DATA SECTION →

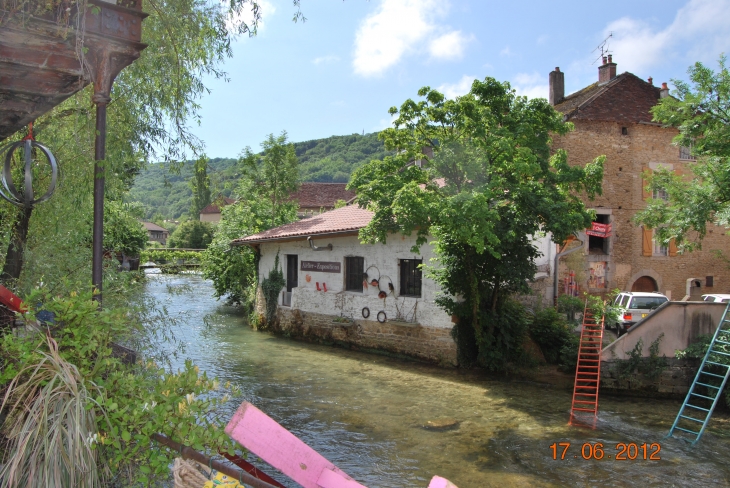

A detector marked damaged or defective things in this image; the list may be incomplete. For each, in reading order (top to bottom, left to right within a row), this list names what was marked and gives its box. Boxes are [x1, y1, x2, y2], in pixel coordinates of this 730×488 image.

rusty metal pipe [151, 434, 278, 488]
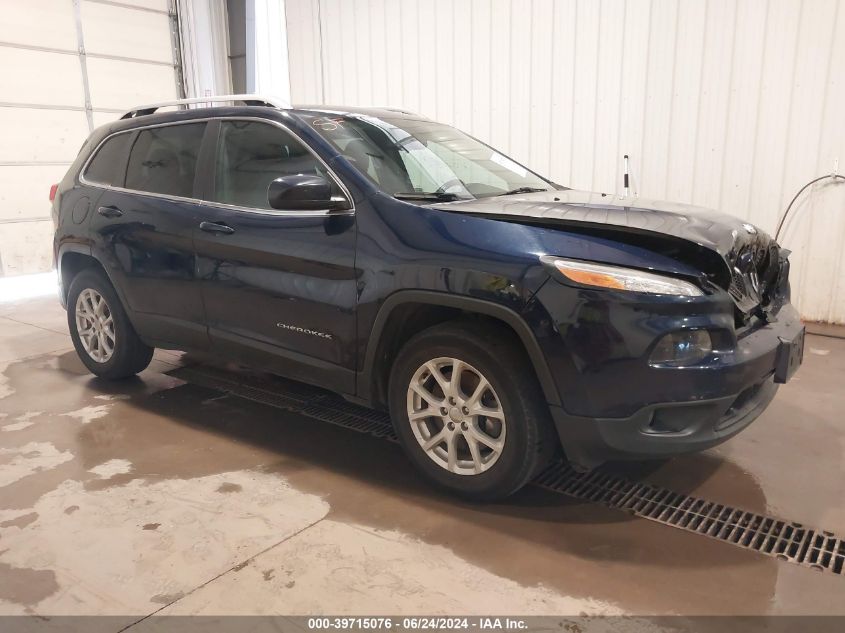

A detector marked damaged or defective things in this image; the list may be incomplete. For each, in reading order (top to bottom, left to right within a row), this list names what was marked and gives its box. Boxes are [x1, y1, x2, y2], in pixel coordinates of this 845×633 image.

exposed headlight assembly [536, 256, 704, 298]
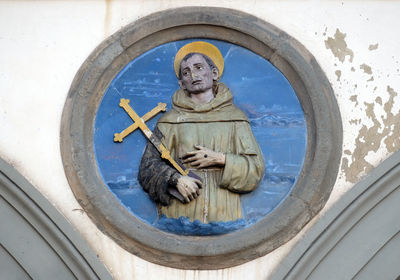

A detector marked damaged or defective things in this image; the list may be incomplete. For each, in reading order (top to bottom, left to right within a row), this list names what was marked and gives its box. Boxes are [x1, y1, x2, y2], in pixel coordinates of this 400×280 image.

peeling paint [324, 28, 356, 62]
peeling paint [340, 85, 400, 183]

WHAT THE TASK REQUIRES →
Each line from the one containing "this 845×633 image." through the end of the listing is to be set down exactly, with all pictures left out.

REPLY →
A detector marked damaged or defective things in this image; the list may be incomplete. For each, in reading order (top to bottom, left to right within a row), this list names what was marked and gives its box. Boxes are [x1, y1, x2, y2], in pixel coordinates of this 845×633 image.

exposed headlight assembly [536, 256, 704, 298]

A detector marked damaged or defective things in this image; the list may be incomplete. For each, in reading order (top to bottom, left to right within a row), this list names what was marked and gives its box. Boxes are [x1, y1, x2, y2], in pixel coordinates of this 400×280 image.

peeling paint [324, 28, 356, 62]
peeling paint [340, 85, 400, 183]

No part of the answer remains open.